=== PROVIDED RECORDS ===
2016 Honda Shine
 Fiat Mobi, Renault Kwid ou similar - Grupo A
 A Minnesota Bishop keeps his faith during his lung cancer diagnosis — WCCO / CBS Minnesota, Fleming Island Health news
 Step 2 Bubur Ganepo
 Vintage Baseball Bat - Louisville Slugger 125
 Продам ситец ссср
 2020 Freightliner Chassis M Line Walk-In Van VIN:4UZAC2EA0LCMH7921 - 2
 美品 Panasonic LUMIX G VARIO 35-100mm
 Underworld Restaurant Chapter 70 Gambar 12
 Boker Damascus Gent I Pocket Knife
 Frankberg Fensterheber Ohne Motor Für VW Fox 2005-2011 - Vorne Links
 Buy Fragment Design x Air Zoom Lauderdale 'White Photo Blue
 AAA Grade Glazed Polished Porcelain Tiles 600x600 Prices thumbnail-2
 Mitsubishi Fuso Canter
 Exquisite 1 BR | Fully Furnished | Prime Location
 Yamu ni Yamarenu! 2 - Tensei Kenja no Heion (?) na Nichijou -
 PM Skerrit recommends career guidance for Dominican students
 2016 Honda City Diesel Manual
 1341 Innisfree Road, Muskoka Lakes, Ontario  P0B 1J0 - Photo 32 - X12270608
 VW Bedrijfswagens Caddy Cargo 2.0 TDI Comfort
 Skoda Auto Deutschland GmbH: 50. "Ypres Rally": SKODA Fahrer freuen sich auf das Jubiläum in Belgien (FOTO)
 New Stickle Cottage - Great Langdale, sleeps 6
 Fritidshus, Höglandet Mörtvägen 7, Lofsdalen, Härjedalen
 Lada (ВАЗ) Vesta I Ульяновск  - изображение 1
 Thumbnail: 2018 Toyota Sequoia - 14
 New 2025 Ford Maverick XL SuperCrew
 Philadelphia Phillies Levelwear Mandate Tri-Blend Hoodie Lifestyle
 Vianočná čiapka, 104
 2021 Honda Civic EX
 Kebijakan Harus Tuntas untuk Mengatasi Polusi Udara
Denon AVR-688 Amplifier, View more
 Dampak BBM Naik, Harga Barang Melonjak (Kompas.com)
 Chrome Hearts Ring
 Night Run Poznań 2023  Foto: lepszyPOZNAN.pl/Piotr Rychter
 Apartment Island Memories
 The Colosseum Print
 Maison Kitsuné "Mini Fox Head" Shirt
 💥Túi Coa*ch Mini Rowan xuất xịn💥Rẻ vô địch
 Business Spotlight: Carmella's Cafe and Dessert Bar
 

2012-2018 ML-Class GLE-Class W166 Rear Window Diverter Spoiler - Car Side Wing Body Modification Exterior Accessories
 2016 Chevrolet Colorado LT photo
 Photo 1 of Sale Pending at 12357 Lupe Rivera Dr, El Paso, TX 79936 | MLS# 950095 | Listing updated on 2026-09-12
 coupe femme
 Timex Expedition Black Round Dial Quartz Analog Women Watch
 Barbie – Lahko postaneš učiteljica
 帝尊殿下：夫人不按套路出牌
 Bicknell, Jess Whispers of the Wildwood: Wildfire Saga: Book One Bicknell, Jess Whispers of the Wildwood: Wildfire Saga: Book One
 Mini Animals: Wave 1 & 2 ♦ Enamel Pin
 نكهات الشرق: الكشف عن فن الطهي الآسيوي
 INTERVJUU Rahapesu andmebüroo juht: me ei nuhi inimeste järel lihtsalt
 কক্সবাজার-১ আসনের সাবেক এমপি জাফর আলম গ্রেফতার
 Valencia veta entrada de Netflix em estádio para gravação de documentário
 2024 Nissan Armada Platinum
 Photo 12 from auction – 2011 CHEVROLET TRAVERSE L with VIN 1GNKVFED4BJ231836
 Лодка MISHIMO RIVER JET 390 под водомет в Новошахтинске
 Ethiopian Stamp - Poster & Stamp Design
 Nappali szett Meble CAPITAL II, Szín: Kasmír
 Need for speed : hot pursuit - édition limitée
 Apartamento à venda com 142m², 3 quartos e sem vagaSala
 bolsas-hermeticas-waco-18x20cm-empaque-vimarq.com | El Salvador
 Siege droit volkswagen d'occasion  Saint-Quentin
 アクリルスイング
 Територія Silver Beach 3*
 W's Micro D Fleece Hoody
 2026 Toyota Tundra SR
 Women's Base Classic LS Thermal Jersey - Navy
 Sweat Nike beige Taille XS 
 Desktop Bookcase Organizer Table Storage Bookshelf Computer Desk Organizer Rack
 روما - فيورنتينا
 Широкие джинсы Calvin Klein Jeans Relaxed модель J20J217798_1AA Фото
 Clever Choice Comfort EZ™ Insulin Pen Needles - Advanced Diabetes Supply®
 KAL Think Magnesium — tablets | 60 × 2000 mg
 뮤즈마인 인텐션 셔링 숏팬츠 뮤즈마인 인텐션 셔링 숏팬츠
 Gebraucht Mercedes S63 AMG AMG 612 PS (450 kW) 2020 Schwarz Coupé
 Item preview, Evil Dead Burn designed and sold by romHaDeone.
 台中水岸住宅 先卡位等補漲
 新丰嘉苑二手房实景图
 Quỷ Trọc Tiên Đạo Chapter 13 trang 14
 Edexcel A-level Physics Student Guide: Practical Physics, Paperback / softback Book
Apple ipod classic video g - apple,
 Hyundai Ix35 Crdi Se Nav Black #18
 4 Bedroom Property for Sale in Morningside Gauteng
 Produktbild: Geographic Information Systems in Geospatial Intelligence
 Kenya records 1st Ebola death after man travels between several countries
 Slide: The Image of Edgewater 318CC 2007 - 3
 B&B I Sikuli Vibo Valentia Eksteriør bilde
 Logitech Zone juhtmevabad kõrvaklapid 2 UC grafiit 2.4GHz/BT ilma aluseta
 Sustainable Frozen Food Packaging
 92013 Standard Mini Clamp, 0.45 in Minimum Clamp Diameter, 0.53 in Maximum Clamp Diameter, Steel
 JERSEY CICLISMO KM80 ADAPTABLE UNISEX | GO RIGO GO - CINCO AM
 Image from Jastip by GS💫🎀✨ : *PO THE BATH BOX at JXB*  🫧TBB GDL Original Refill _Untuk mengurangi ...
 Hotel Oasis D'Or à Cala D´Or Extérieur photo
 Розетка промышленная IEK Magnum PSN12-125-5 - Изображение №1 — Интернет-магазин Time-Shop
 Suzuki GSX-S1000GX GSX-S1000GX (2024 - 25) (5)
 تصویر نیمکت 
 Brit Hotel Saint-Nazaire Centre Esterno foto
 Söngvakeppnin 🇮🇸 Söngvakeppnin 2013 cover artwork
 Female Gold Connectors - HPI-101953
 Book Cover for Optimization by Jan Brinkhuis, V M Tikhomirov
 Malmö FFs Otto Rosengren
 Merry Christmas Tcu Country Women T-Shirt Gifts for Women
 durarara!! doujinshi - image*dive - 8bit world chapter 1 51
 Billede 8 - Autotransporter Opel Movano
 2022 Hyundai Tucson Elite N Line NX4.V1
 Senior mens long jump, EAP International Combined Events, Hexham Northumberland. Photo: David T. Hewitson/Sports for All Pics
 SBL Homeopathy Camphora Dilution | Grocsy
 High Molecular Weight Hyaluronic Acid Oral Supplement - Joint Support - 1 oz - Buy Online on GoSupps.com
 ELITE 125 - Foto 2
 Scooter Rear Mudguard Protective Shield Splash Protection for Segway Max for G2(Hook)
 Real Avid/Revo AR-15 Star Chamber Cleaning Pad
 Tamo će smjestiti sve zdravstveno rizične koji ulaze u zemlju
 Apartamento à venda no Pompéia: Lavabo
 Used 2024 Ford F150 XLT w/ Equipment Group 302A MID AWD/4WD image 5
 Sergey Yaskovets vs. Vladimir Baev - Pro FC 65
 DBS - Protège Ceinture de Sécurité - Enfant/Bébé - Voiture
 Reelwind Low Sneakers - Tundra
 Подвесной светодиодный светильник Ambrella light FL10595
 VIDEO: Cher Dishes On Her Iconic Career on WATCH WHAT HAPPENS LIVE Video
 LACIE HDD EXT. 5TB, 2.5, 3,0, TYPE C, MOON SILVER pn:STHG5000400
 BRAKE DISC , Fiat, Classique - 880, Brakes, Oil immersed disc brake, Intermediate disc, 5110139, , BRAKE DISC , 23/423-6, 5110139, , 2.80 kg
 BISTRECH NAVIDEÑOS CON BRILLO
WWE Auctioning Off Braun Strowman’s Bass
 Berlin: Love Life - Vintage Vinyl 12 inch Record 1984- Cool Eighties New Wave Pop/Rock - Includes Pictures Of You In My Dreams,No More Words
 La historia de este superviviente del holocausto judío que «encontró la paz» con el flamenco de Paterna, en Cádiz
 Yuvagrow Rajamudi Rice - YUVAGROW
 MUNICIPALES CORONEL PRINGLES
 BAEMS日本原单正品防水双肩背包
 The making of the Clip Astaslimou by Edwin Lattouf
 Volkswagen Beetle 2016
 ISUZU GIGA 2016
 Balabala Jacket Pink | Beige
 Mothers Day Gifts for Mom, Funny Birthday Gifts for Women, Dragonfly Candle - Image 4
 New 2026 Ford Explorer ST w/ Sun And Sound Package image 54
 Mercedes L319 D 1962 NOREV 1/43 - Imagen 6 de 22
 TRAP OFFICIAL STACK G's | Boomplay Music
===
**EXERCISE REQUIREMENTS:** From the entries above, restate word for word the lines from the line containing "2016 Chevrolet Colorado LT photo" to the line containing "কক্সবাজার-১ আসনের সাবেক", both ends included, and nothing more.

**RESULT OF THE TASK:**
 2016 Chevrolet Colorado LT photo
 Photo 1 of Sale Pending at 12357 Lupe Rivera Dr, El Paso, TX 79936 | MLS# 950095 | Listing updated on 2026-09-12
 coupe femme
 Timex Expedition Black Round Dial Quartz Analog Women Watch
 Barbie – Lahko postaneš učiteljica
 帝尊殿下：夫人不按套路出牌
 Bicknell, Jess Whispers of the Wildwood: Wildfire Saga: Book One Bicknell, Jess Whispers of the Wildwood: Wildfire Saga: Book One
 Mini Animals: Wave 1 & 2 ♦ Enamel Pin
 نكهات الشرق: الكشف عن فن الطهي الآسيوي
 INTERVJUU Rahapesu andmebüroo juht: me ei nuhi inimeste järel lihtsalt
 কক্সবাজার-১ আসনের সাবেক এমপি জাফর আলম গ্রেফতার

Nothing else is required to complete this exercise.